Orang Asli and freedom of religion

Gregory Das

Modified 6 Jul 2019, 1:14 am

LETTER | Recently, on June 21, the Kelantan Islamic Religious and Malay Customs Council (Maik) was said to have published a report that disclosed its aim to convert all the Orang Asli in the state to Islam by 2049.

The report was met with criticism from various quarters that cited the apparent violation of the rights to freedom of religion of the Orang Asli that would result from the proposed plans of Maik.

Subsequently, the Maik deputy president clarified the matter by stating, amongst others, that it has never forced anyone to embrace Islam and that “the missionary work conducted by Maik for the Orang Asli community was merely to expose them to Islam."

It is worth noting, against the backdrop of this issue, that the Orang Asli hold a “special position” in our constitutional framework which provides for the enactment of special laws for their protection. 

By Article 8(5)(c) of the Federal Constitution, such an enactment which singles out the Orang Asli for special treatment would still be considered a valid law, although discriminating in favour of one community. 

In consequence, the courts have interpreted Article 8(5)(c) to expressly require the state to “protect the welfare of the aborigines…and not to act in a manner inconsistent with those rights…” (Sagong Tasi v Selangor government [2002] 2 MLJ 591)

Among the rights of the Orang Asli that warrant protection is the right of choice and freedom of religion. This right is safeguarded by Article 11(1) of the Federal Constitution, which provides for one’s “right to profess and practise his religion and, subject to Clause (4), to propagate it”.

In a case in 2014, emanating from Kelantan itself, the Court of Appeal recognised the rights of the Orang Asli to freely choose and practice a religion of their choice in the following terms:

“The further finding… that building a church is not within the rights and culture of Orang Asli because to follow the Christian religion is a new practice and not within that of their ancestors warrants much caution. 

"Because the ancestors were also not of any religion, would it seriously be intended that an Orang Asli would lose his status as an orang asli if he joins any religion at all, not just Christianity? 

"That would condemn the orang asli to be cultural specimens petrified or frozen into the times of their ancestors.
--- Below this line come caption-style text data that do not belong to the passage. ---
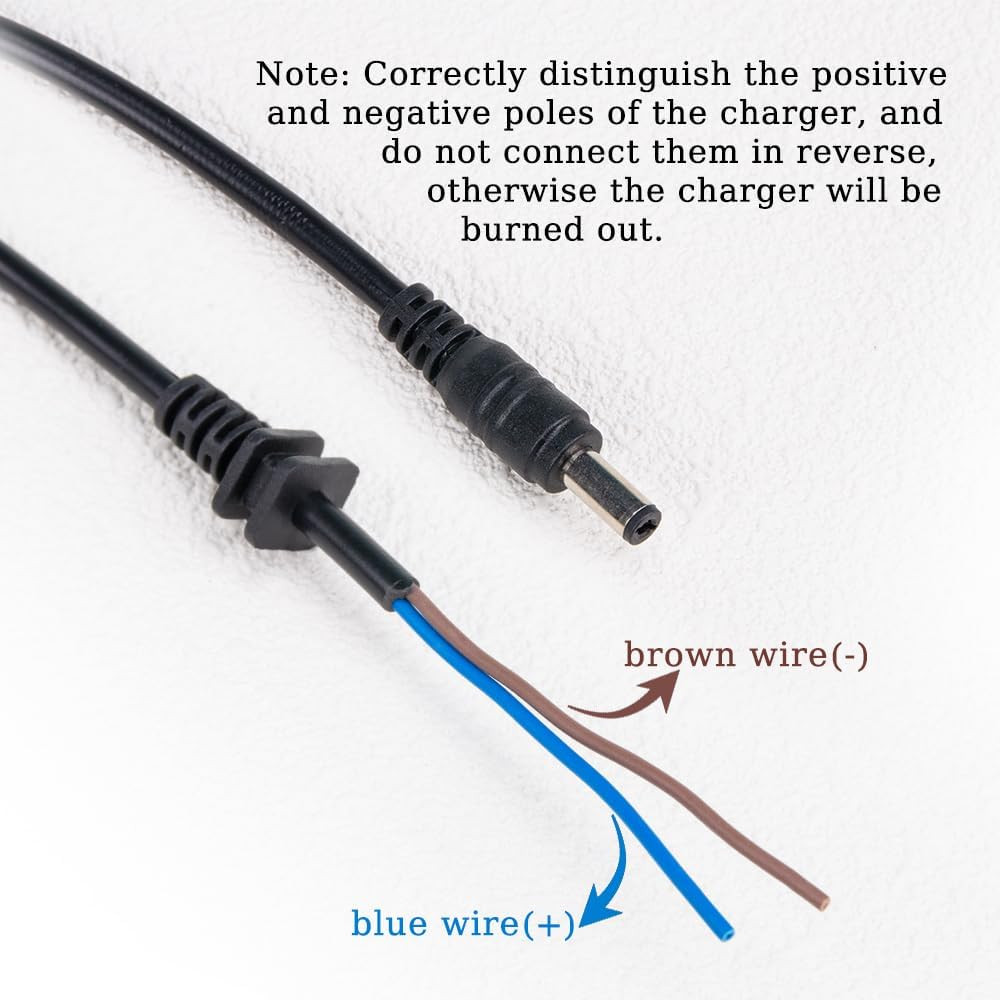 1Set Charging Wire 2.1Mm DC Connector for 36V 48V 60V Electric Ebike Battery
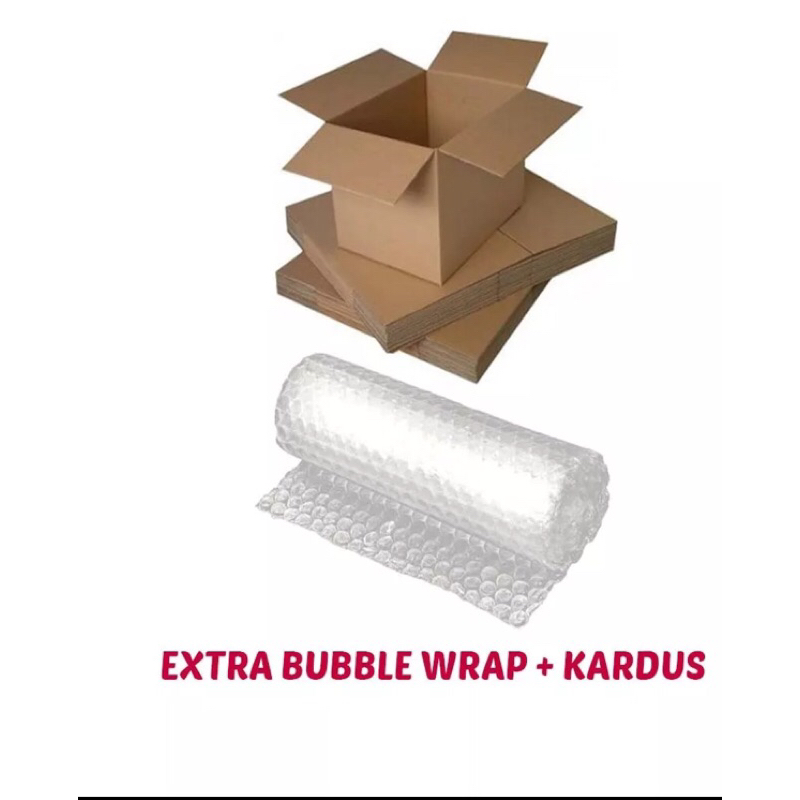 

bubble warp dan kardus tambahan dijamin aman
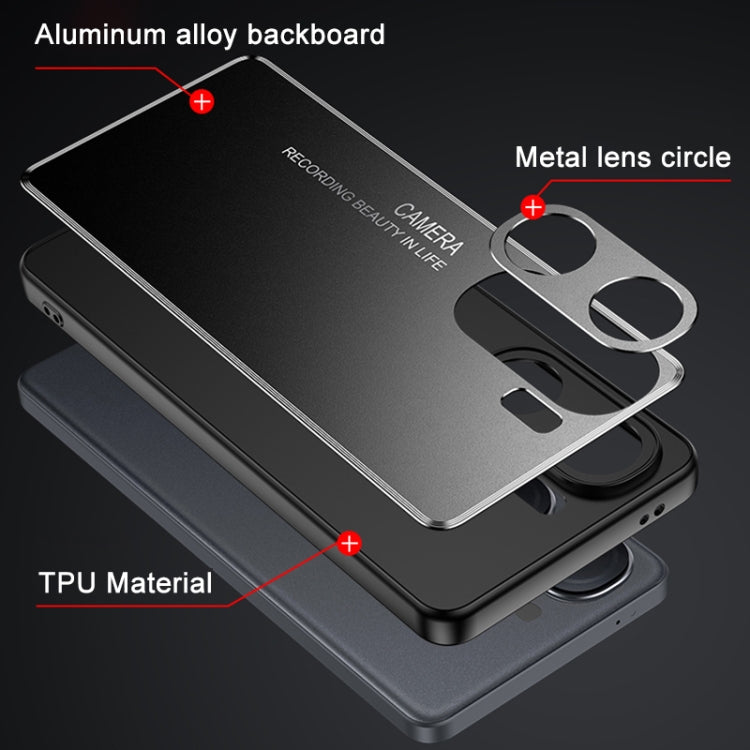 For vivo iQOO Neo 9 Pro Frosted Metal Phone Case(Black)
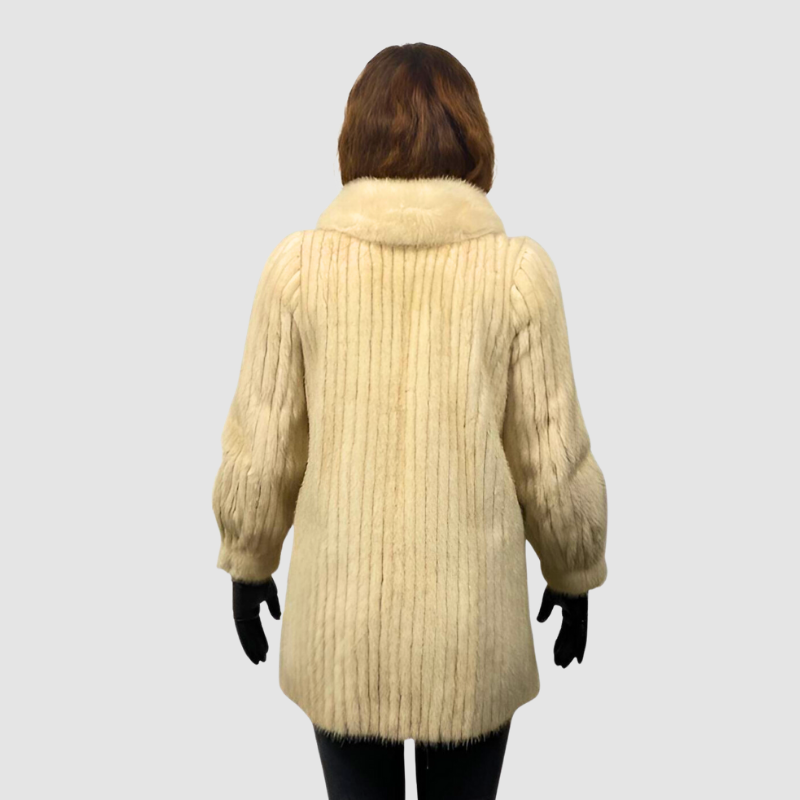 CORDUROY CUT PEARL MINK JACKET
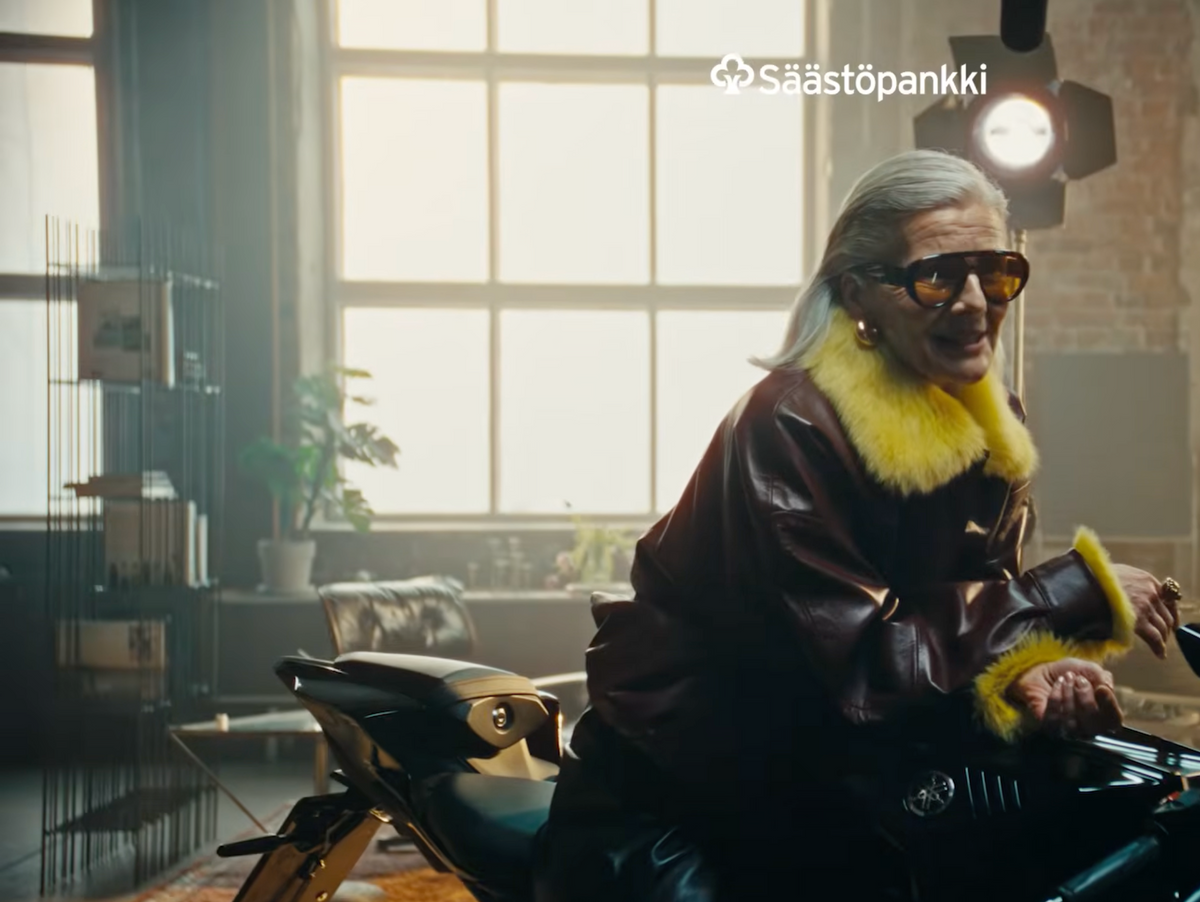 Säästöpankki campaign set styled with Pino rental furniture
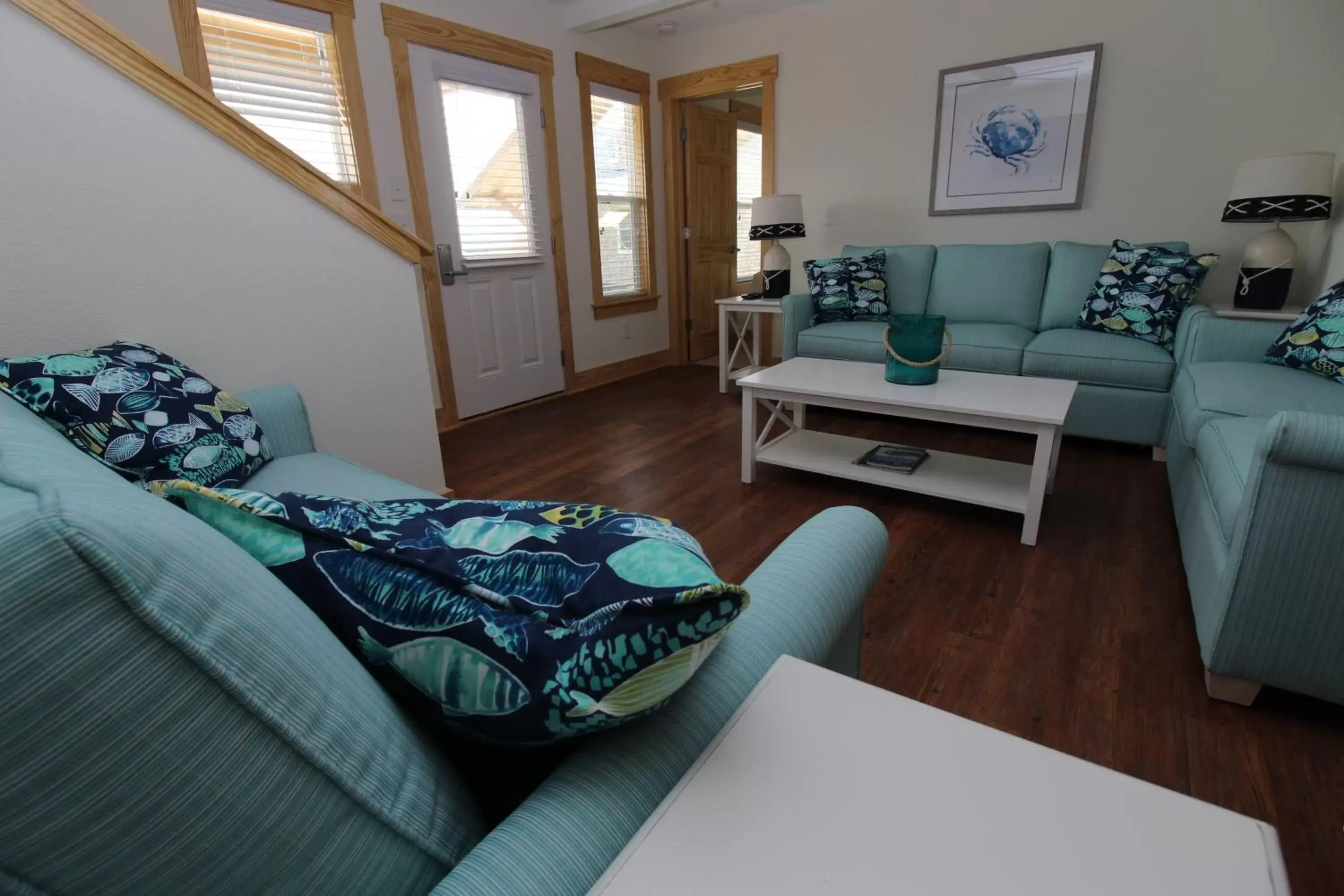 Living room, Seating Area in Whalebone Ocean Cottages by KEES Vacations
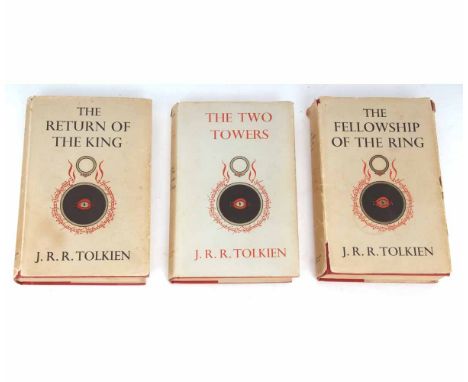 J R R TOLKIEN: THE LORD OF THE RING - THE FELLOWSHIP OF THE RING - THE TWO TOWERS - THE RETURN OF THE KING, London, 1955 4th 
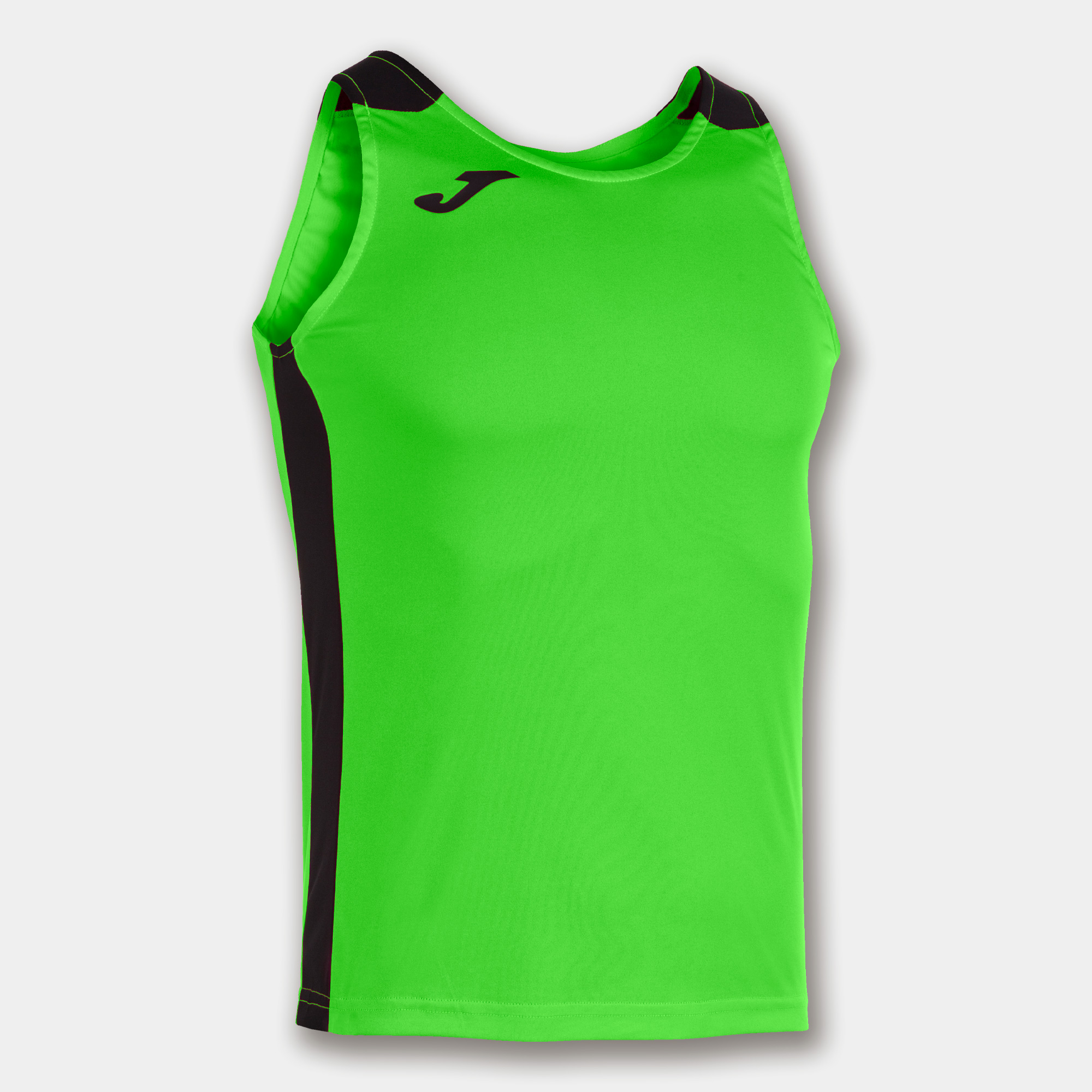 Camiseta Tirantes Joma Record Ii Verde Flúor Negro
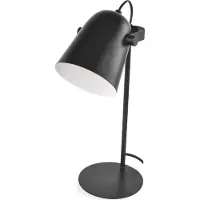 Emos design bureaulamp NINA, gemaakt van metaal, met E27 fitting, kabel van 150 cm en een Europese stekker, exclusief lamp, zwart, Z7642B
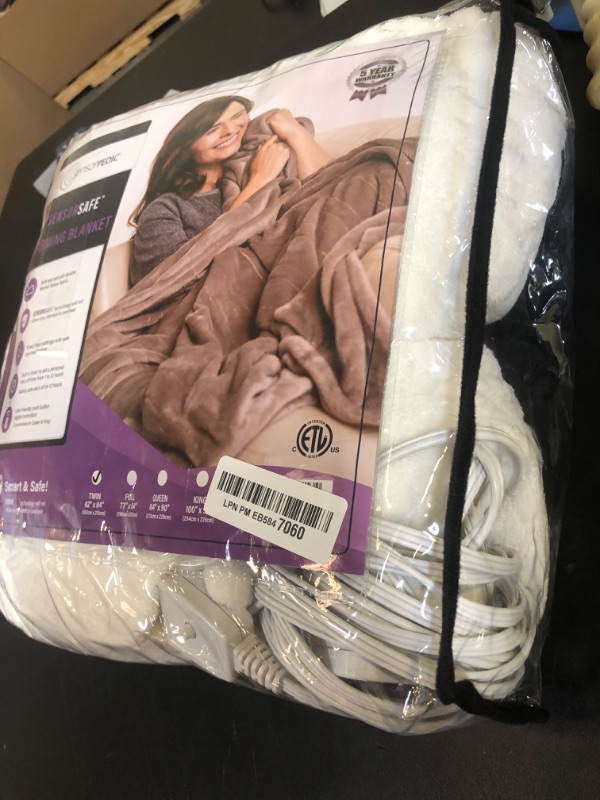 Photo 1 of SensorPedic Heated Electric Blanket with SensorSafe, Twin, Ivory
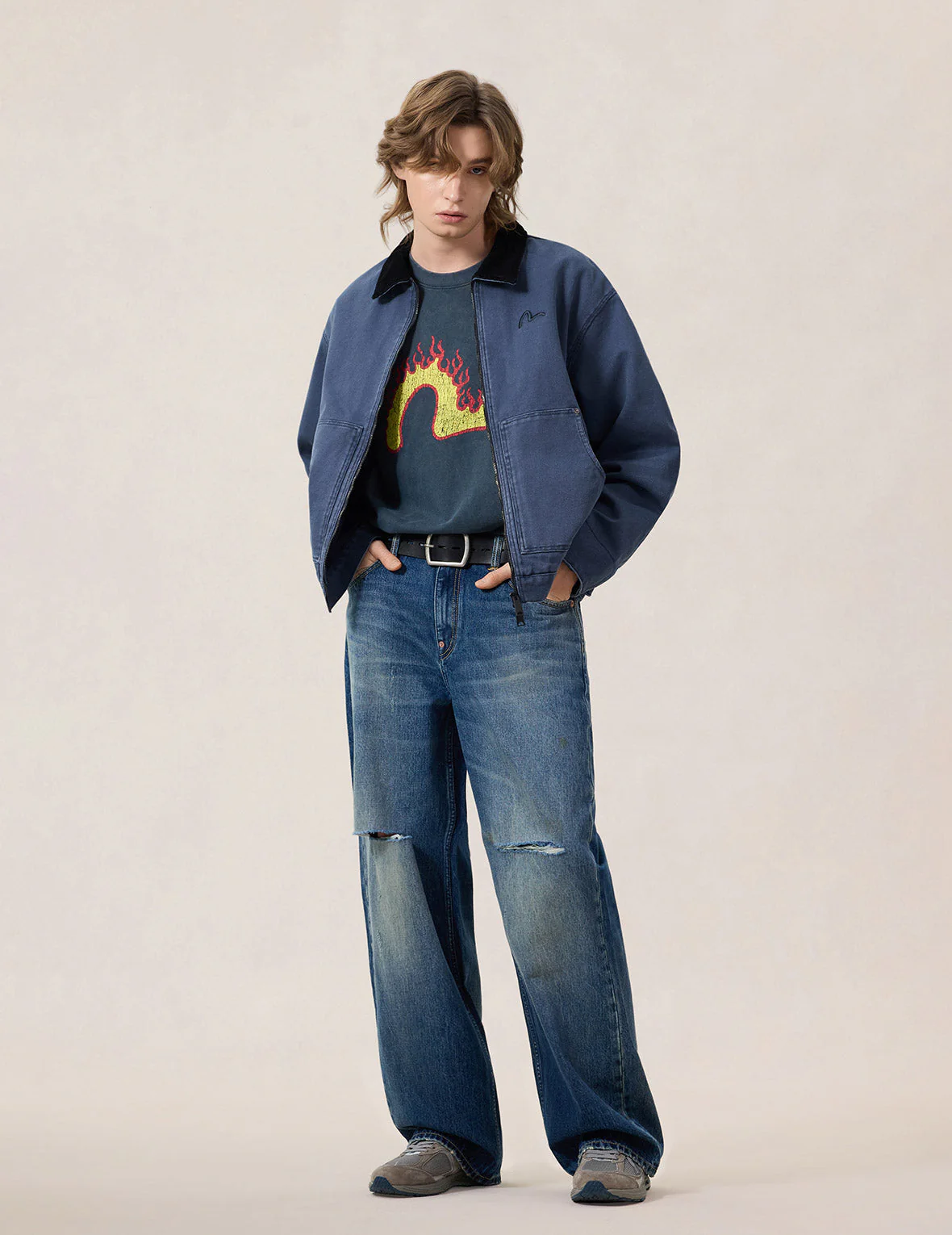 Washed Work Jacket - Image 11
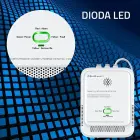 Qoltec Certified wireless Gas Leak (CH4) and Carbon monoxide (CO) detector | alarm 85dB | LED Фото num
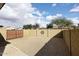 Spacious backyard with gravel and block wall at 6657 E Regina St, Mesa, AZ 85215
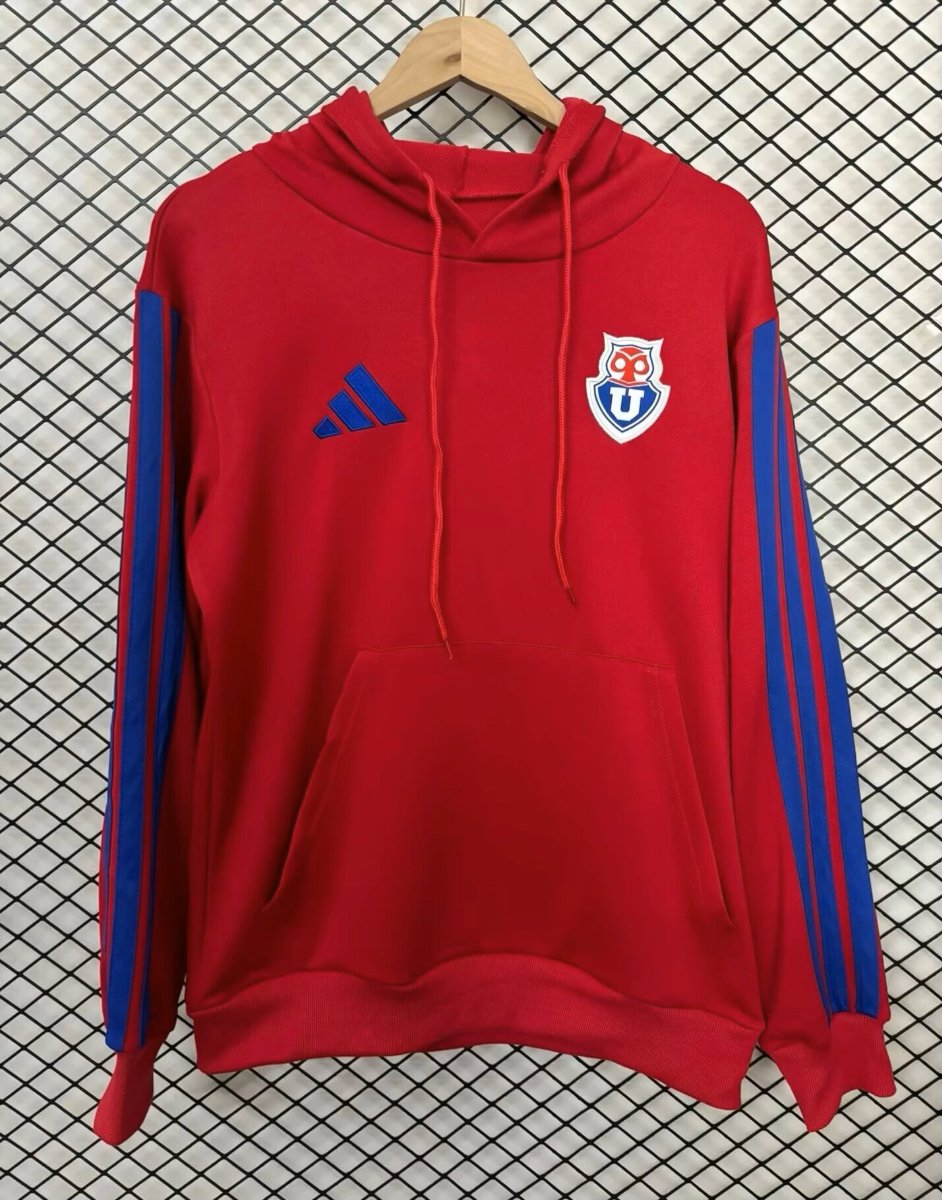 25/26 Club Universidad De Chile Red Hoodie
That would be contrary to the efforts to help the Orang Asli evolve and improve their conditions ( Selangor government & others v Sagong Tasi & others).

The court correctly invoked Section 3(d) of the Aboriginal Peoples Act 1954 which specifically provides:

“Any aborigine who by reason of conversion to any religion or for any other reason ceases to adhere to aboriginal beliefs but who continues to follow an aboriginal way of life and aboriginal customs or speaks an aboriginal language shall not be deemed to have ceased to be an aborigine by reason only of practising that religion.”

In concluding, the Court of Appeal reiterated as if by way of a reminder that:

“It must be borne in mind that rights, once recognised, cannot be taken away. To our minds, Orang Asli are as entitled as any other citizen to the protection of their rights under the Federal Constitution. 

"On the question of rights, the law must tread softly so that the pursuit of one party's rights does not end up stepping upon another party's rights, for the parties are each equally entitled to their rights...” (Gua Musang District Council governor v Pedik Busu [2014] 3 CLJ 847)

In respect of aboriginal peoples everywhere, it has been repeatedly recognised by the common law courts that the state owes a fiduciary duty towards the protection of their culture and rights.

Accordingly, it behoves the state to ensure that the rights of the Orang Asli to freely practice and profess a religion of their choosing are not interfered with. 

Maik's subsequent clarification that it has not compelled the Orang Asli in Kelantan to embrace Islam would accord with their constitutional obligation to recognise the freedom of choice of religion of the Orang Asli. 

Anything less or inconsistent with the constitutional mandate under Article 8(5)(c) and Article 11 would be violative of the Federal Constitution.

GREGORY DAS is an advocate and solicitor of the High Court of Malaya.

The views expressed here are those of the author/contributor and do not necessarily represent the views of Malaysiakini.